Piggybacking on this answer, here are two more notions of convergence where finite sets can converge to "larger" sets. Let $d(x,A) = \inf_{y \in A} \|x-y\|$.
Convergence in Hausdorff metric, which for $\mathbb{R}^n$ has the representation
$$
d_H(A,B) = \sup_{x \in \mathbb{R}^n} |d(x,A) - d(x,B)|,
$$
i.e., $A_k \xrightarrow{H} A$ if $d_H(A_k, A) \to 0$. This concept of set convergence is essentially classical now, and it's used in all corners of analysis and geometry.
Convergence in the sense of Painlevé-Kuratowski. For the sequence of sets $\{A_k\}_{k=1}^{\infty}$, define
\begin{align}
\limsup_{k \to \infty} A_k &= \{x : \liminf_{k \to \infty} d(x, A_k) = 0\}, \\
\liminf_{k \to \infty} A_k &= \{x : \limsup_{k \to \infty} d(x, A_k) = 0\},
\end{align}
and say that $A_k \xrightarrow{PK} A$ if
$$
\limsup_{k \to \infty} A_k \subset A \subset \liminf_{k \to \infty} A_k.
$$
Both notions are sensitive to the topology of $\mathbb{R}^n$, which is relevant to your original question. Since $d_H(A, \mathrm{cl\ } A) = 0$, the Hausdorff metric is only a "metric" on the nonempty closed subsets of $\mathbb{R}^n$. On $\mathbb{R}^n$, Painlevé-Kuratowski convergence can be induced by a metric such as
$$
d_{PK}(A,B) =
\int_0^{\infty}
\sup_{\|x\| \leq r} |d(x,A) - d(x,B)| \ e^{-r} \ dr,
$$
and one can verify that $d_{PK} \leq d_H$. Hence, $A_k \xrightarrow{H} A$ implies $A_k \xrightarrow{PK} A$, although the reverse is not true.

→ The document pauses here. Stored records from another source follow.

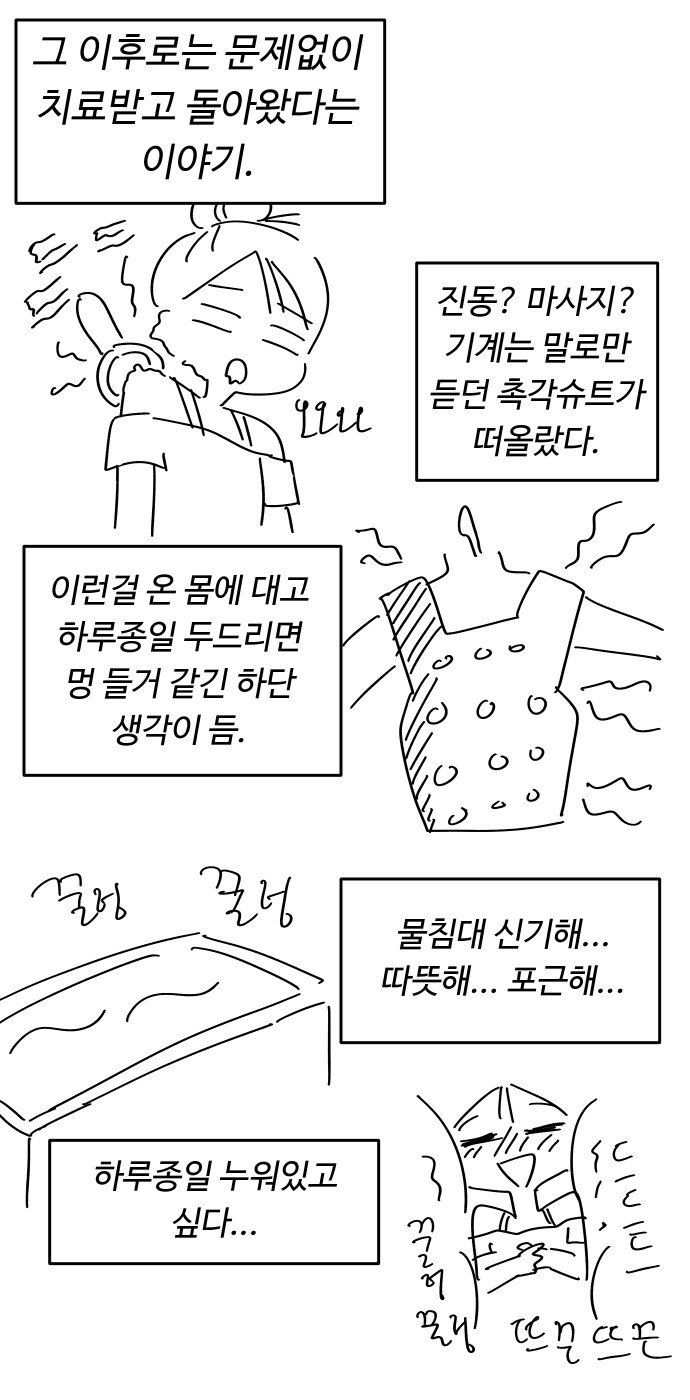 물리치료받는 만화.manga_12.png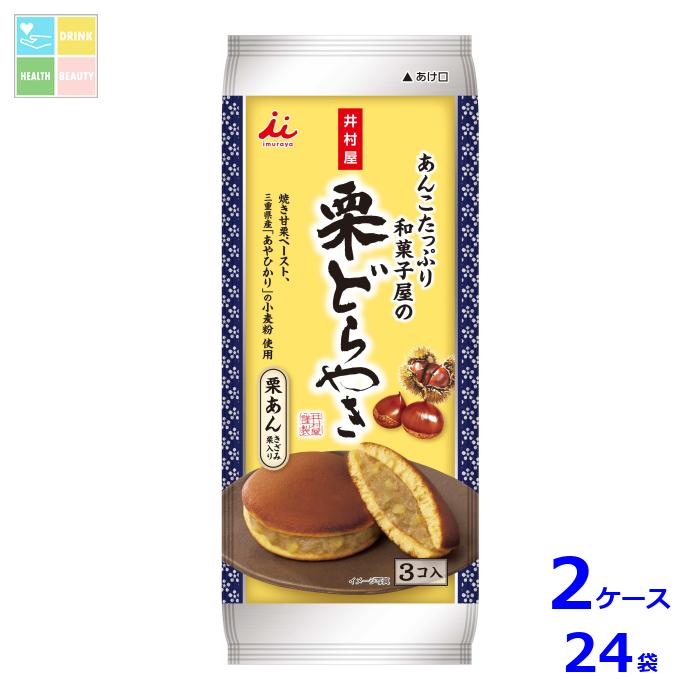 井村屋 あんこたっぷり和菓子屋の栗どら焼き3コ×2ケース（全24本）送料無料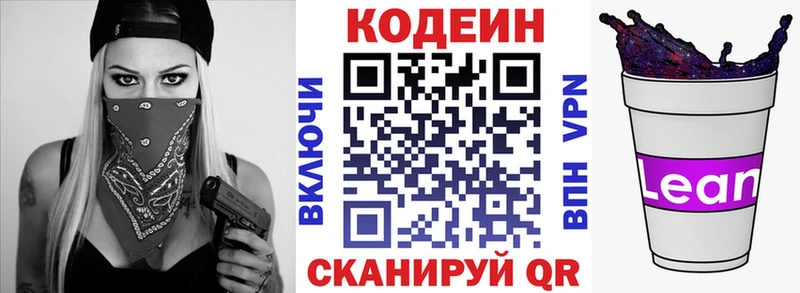закладка  Лабинск  МЕГА ССЫЛКА  Кодеин напиток Lean (лин) 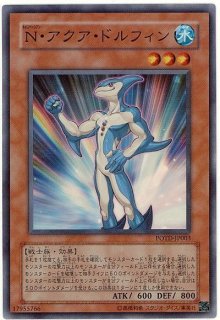 アクアドルフィンレリーフ他コンタクト融合デッキ　パーツ 遊戯王 デッキレシピ 詳細 | 遊戯王ニューロン ( オフィシャル
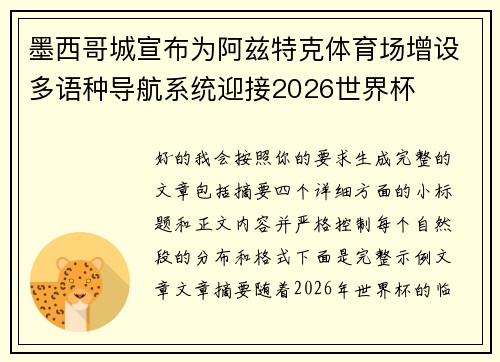 墨西哥城宣布为阿兹特克体育场增设多语种导航系统迎接2026世界杯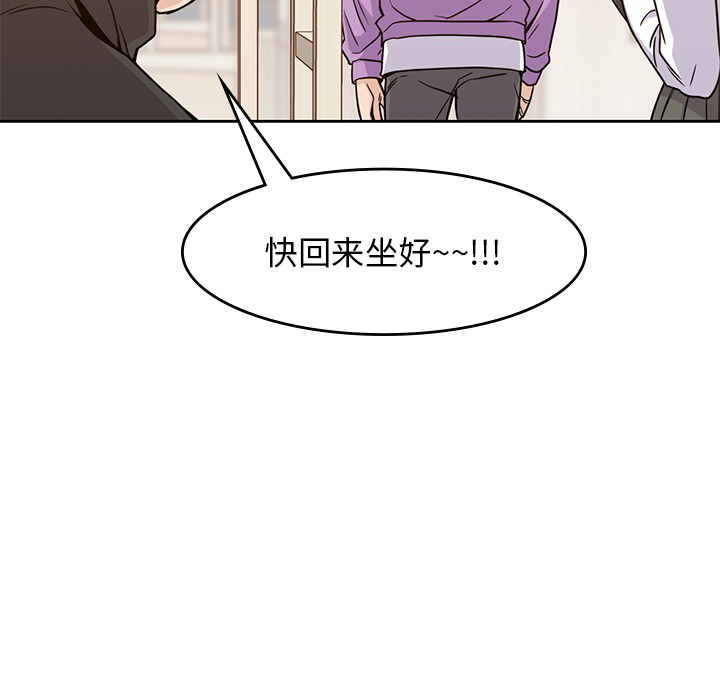 [韩国漫画] 男孩子 校园,巨乳大奶,女学生#[124P]-82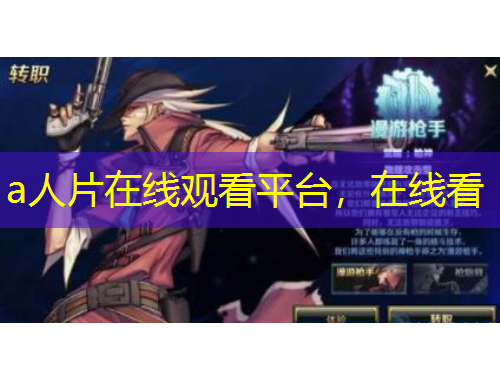 a人片在線觀看平臺(tái)，在線看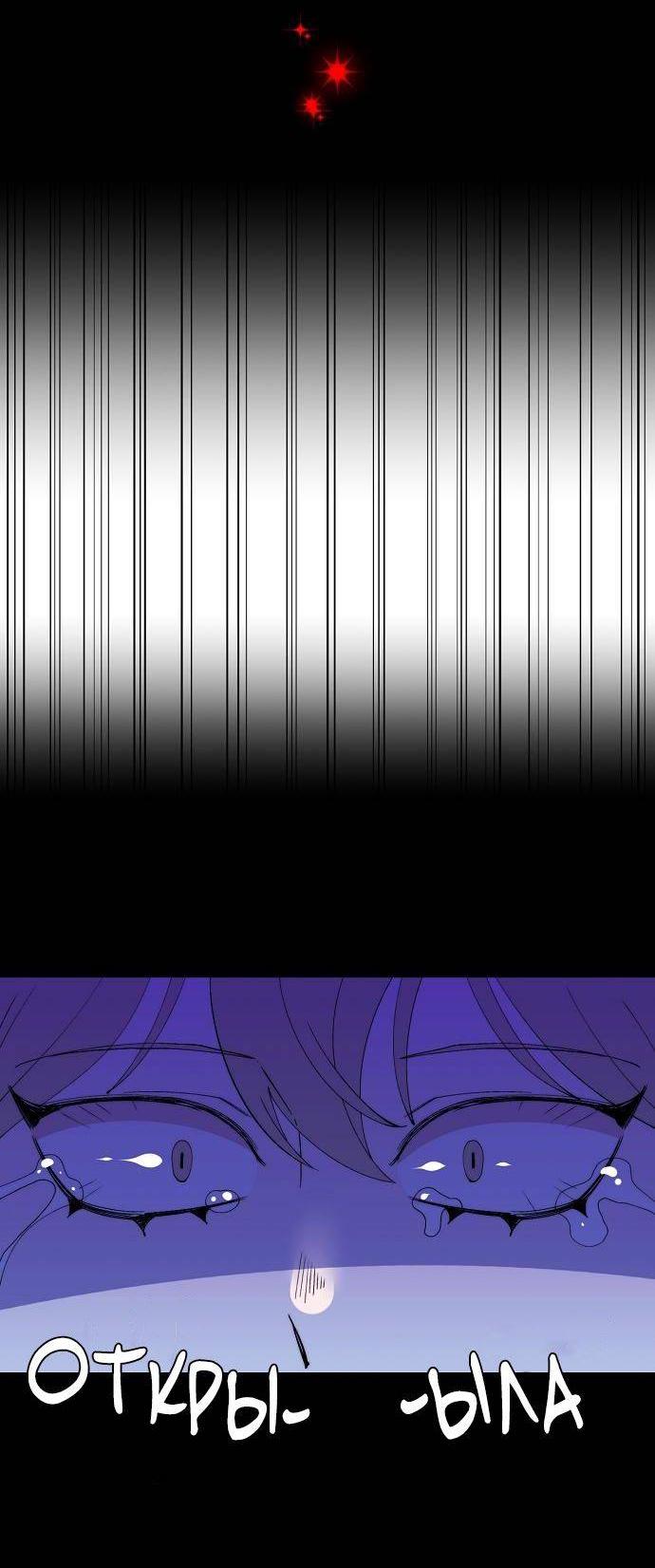 Манга Когда парень хочет стать невестой - Глава 135 Страница 46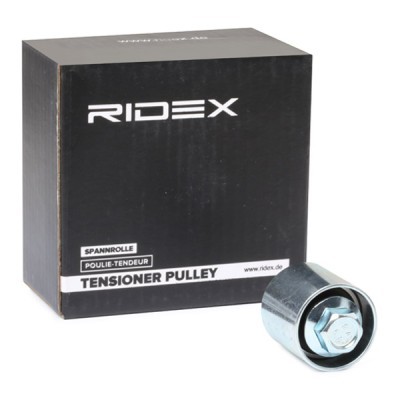 Deflection/Guide Pulley Timing Belt RIDEX 313D0028 313D0028 - photo 2
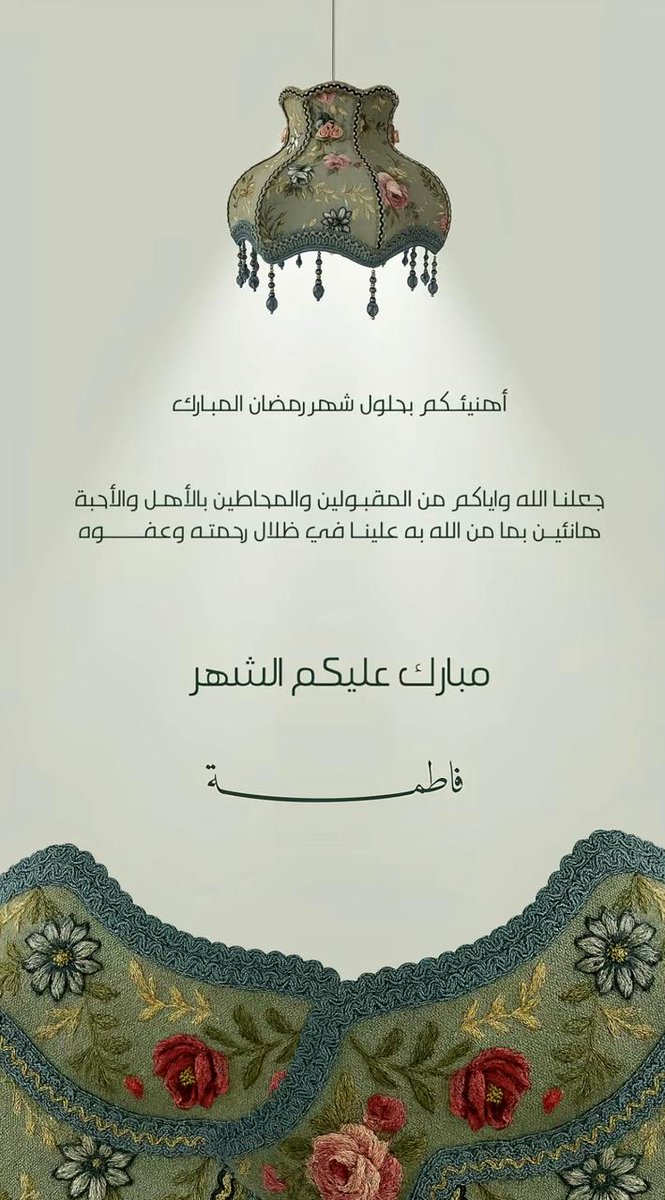 #رمضان_كريم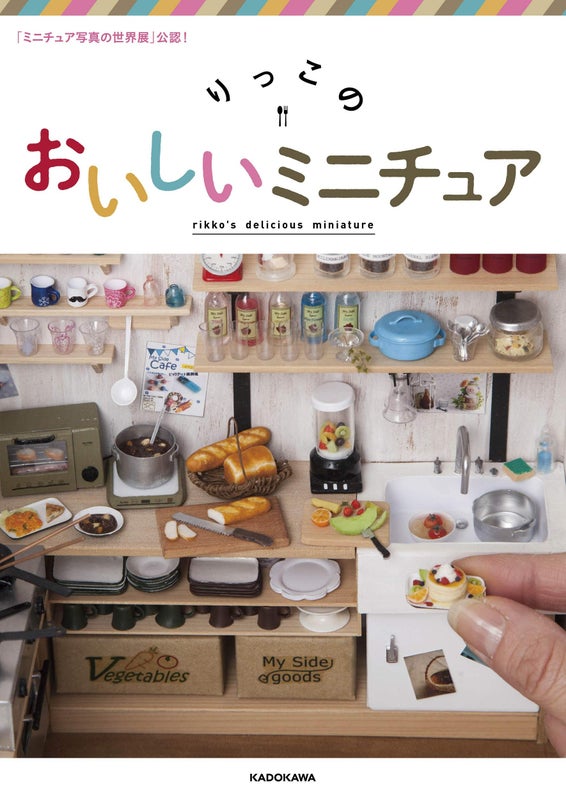 「ミニチュア写真の世界展」公認!  りっこのおいしいミニチュア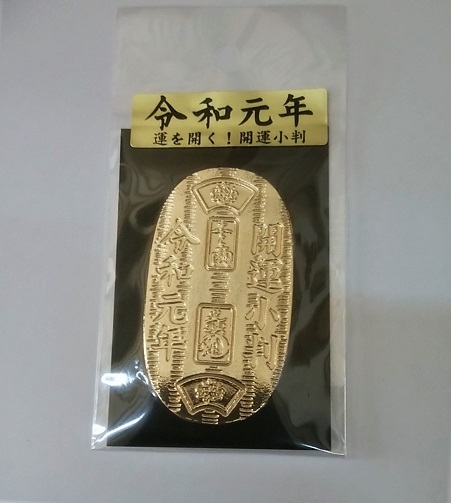 令和元年開運　黄金小判【サイズ　約３６×６５×2mm】【縁起物】【金運招来】【開運】_画像3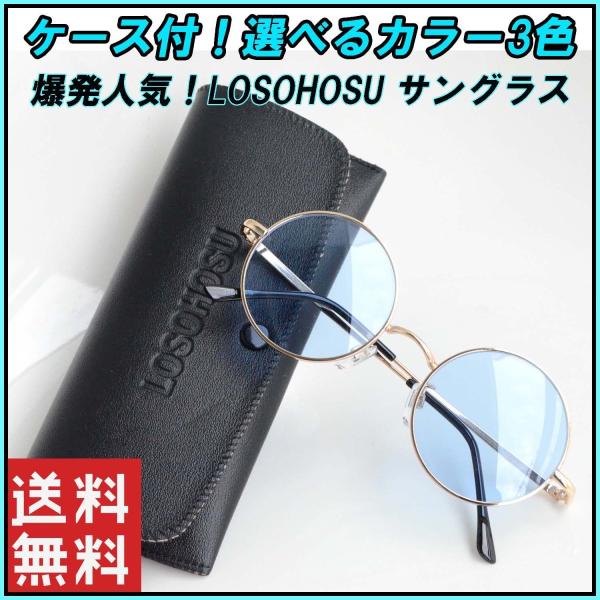Losohosu サングラス レディース メンズ兼用 ブランド サングラスケース付 ラウンド 丸型 カラーレンズ Uv紫外線カット Buyee Buyee 日本の通販商品 オークションの代理入札 代理購入
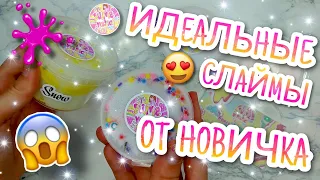 ШОК 😱 ИДЕАЛЬНЫЕ СЛАЙМЫ ОТ НОВИЧКА 🤪 РАЗОБЛАЧЕНИЕ СЛАЙМОВ ОТ НАЧИНАЮЩЕГО СЛАЙМЕРА 😱 ОБЗОР НА СЛАЙМЫ 😱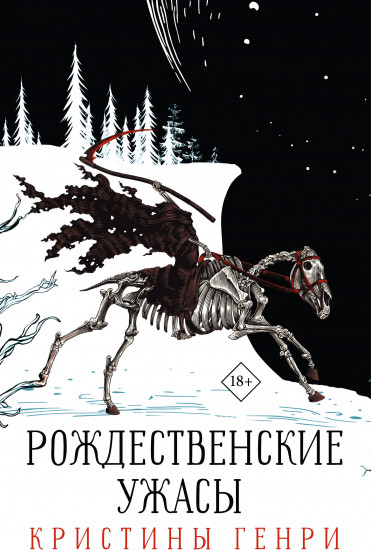 Рождественские ужасы Кристины Генри. Комплект из 3 книг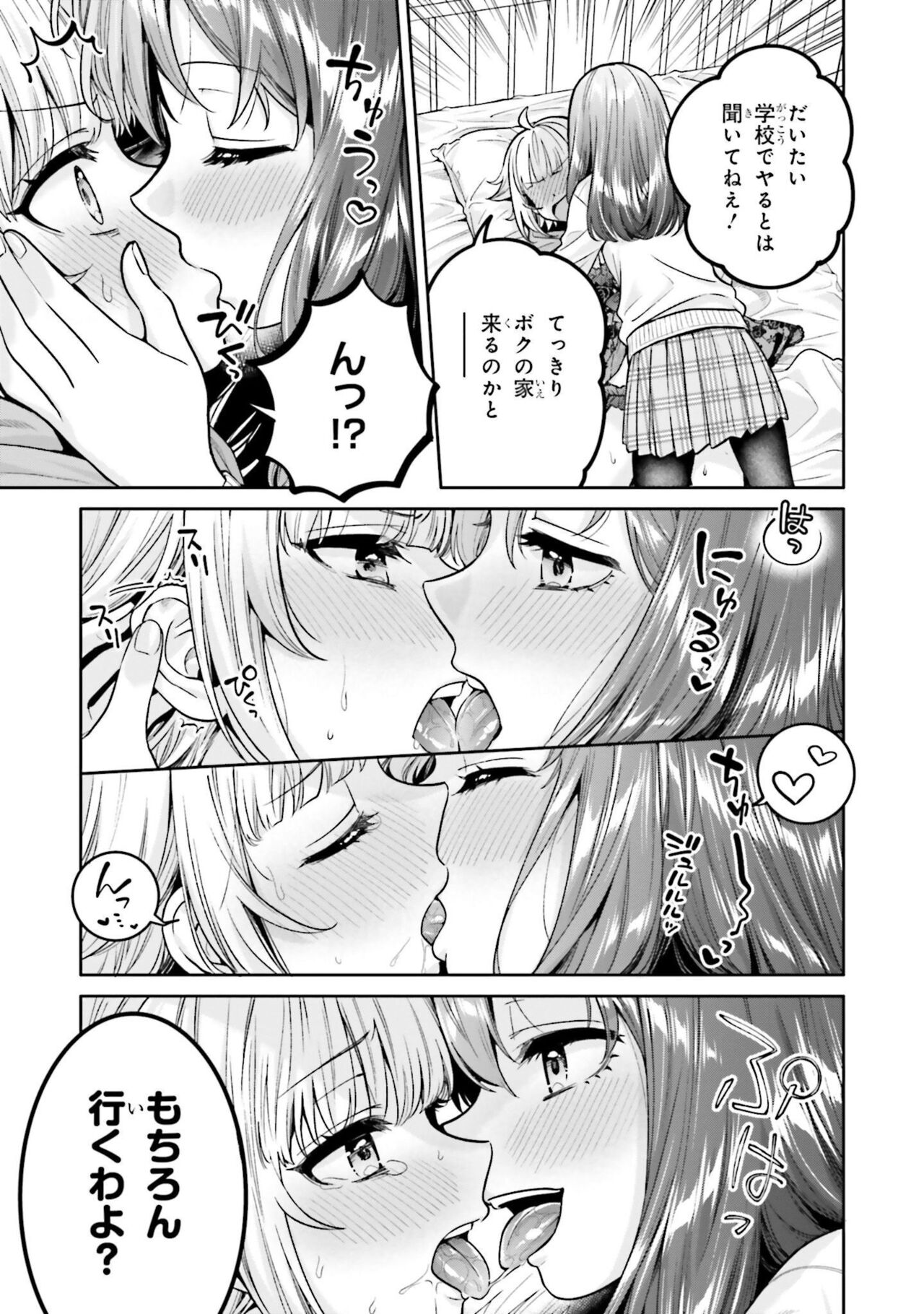 Boku dake no Kimi page 5 full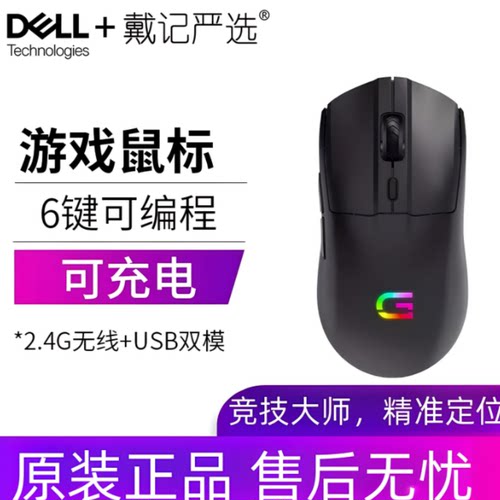 戴尔戴记严选GM3324DPro无线双模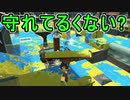 【日刊スプラトゥーン2】全ルールランキング入りしたダイナモ使いのガチマッチ実況Season39-30【Xパワー2400ヤグラ】ダイナモローラーテスラ/ウデマエX/ガチヤグラ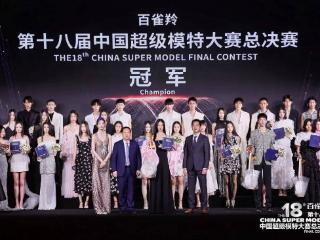 亮相巴黎时装周，山东服装职业学院学子闪耀国际T台！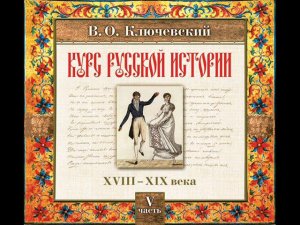 84 В.О. Ключевский. Лекция 84. КУРС РУССКОЙ ИСТОРИИ.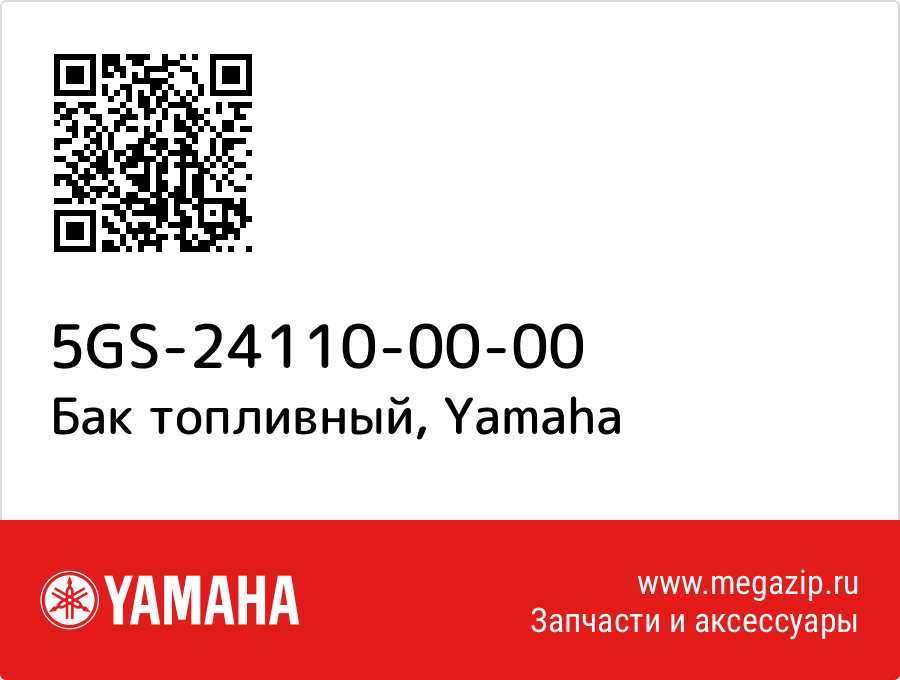 

Бак топливный Yamaha 5GS-24110-00-00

In broad terms, the difference in how the Hausdorff and Painlevé-Kuratowski convergences topologize the closed subsets of $\mathbb{R}^n$ is analogous to the difference between "uniform convergence" and "uniform convergence on compact sets" of functions. The following example is illustrative.
Example. Taking the closed balls $B_\rho = \{x : \|x\| \leq \rho \}$, it is natural to ask if $B_\rho \to \mathbb{R}^n$ as $\rho \to \infty$. We first observe that $d(x, \mathbb{R}^n) = 0$ for all $x$. On the other hand, $d(x, B_\rho) = \max\{0, \|x\|-\rho\}$, so by making $\|x\|$ arbitrarily large we see that $d_H(B_\rho, \mathbb{R}^n) = +\infty$ for each $\rho$. Conversely, $\sup_{\|x\| \leq r} d(x, B_\rho) = \max\{0, r-\rho\}$, which implies that
$$
d_{PK}(B_\rho, \mathbb{R}^n) = \int_\rho^\infty (r - \rho) e^{-r} \ dr = e^{-\rho},
$$
so $d_{PK}(B_\rho, \mathbb{R}^n) \to 0$ as $\rho \to \infty$.
In other words, compact sets cannot converge to $\mathbb{R}^n$ under Hausdorff metric, but they can in the sense of Painlevé-Kuratowski.
In your example, taking $A_k = \{j \cdot 2^{-k} : 1 \leq j < 2^k \}$ and $A = [0,1]$, we obtain $d_H(A_k, A) = 2^{-(k+1)}$, which is achieved at any "midpoint" between the dyadic rationals of $A_k$. Hence, $A_k \xrightarrow{H} A$ and consequently $A_k \xrightarrow{PK} A$.
Another example: let $\mathbb{Q} = \{q_1, q_2, \dots\}$ be an enumeration of the rationals, and let $A_k = \{q_1, \dots, q_k\}$. Then $d_H(A_k, \mathbb{R}) = +\infty$ for each $k$, while $d_{PK}(A_k, \mathbb{R}) \to 0$.